§ **What is expected**
Please retype the listing exactly as it appears, skipping each picture.

§ **Input data**
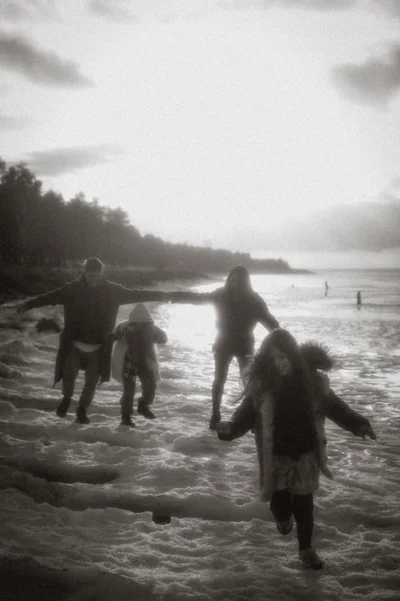 Анатолій Анатоліч зачарував сімейним фотосетом на тлі замерзлого Київського моря - фото 535687
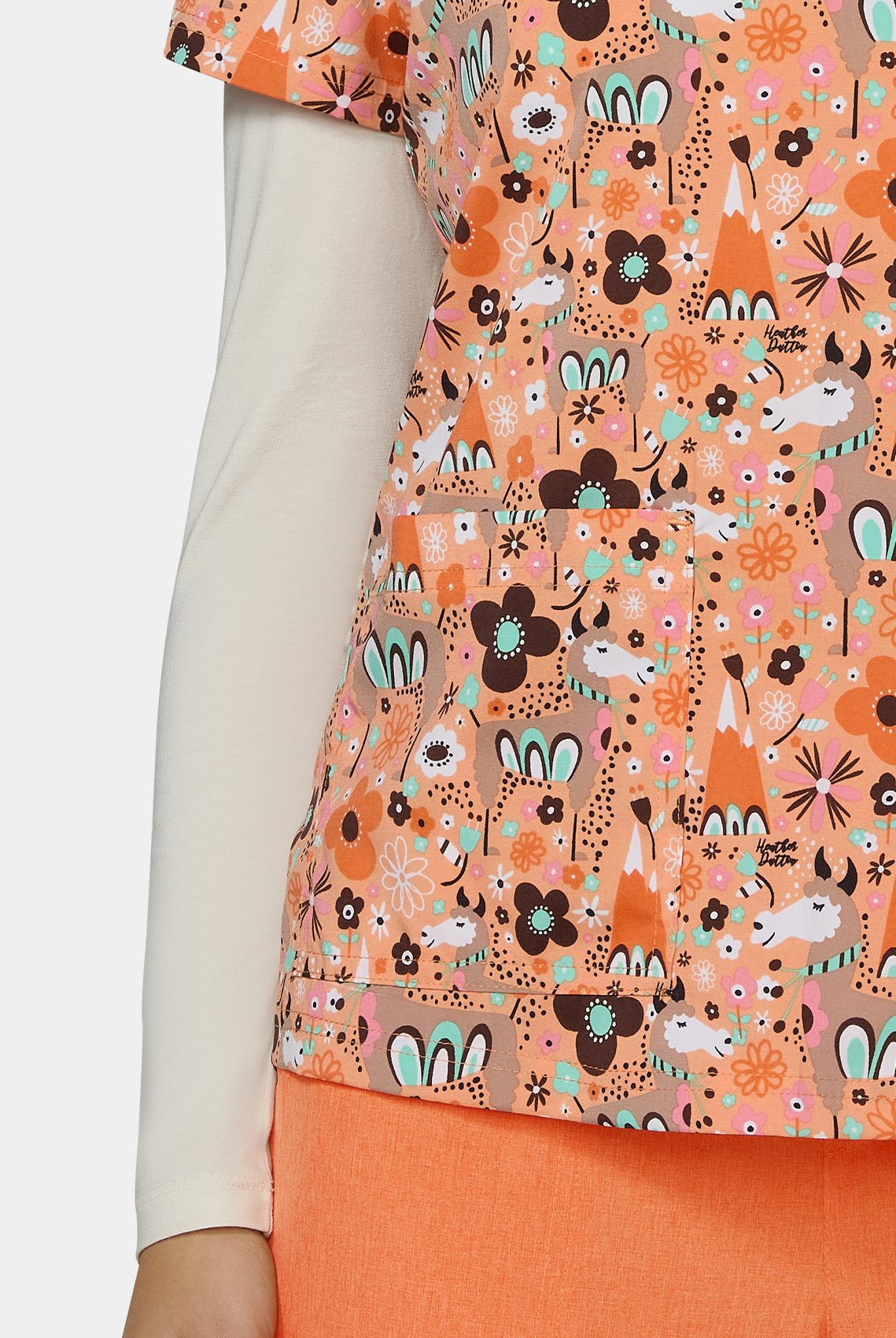 Women's Koi Basics Leslie Scrub Top in Lovely Lamas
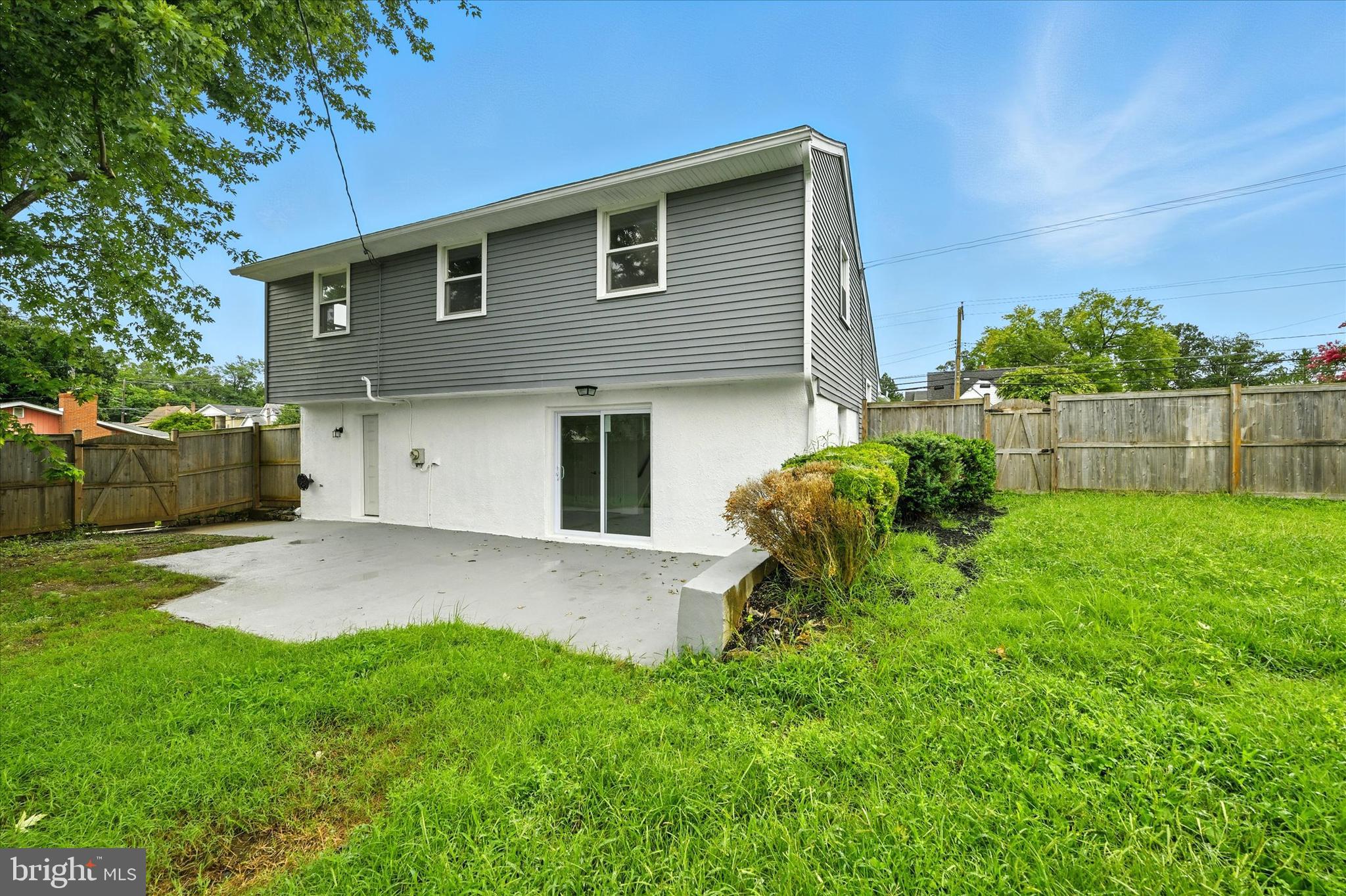 932 MACE AVENUE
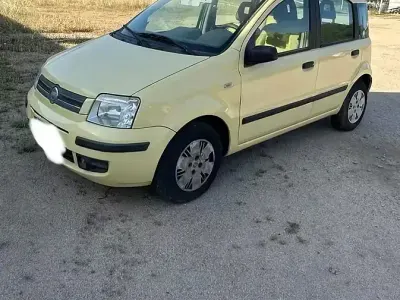 Usata Fiat Panda 60 CV (44 kW) 2005 Giallo Utilitaria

§ **Output**
 Анатолій Анатоліч зачарував сімейним фотосетом на тлі замерзлого Київського моря - фото 535687
 Women's Koi Basics Leslie Scrub Top in Lovely Lamas
 932 MACE AVENUE
 Usata Fiat Panda 60 CV (44 kW) 2005 Giallo Utilitaria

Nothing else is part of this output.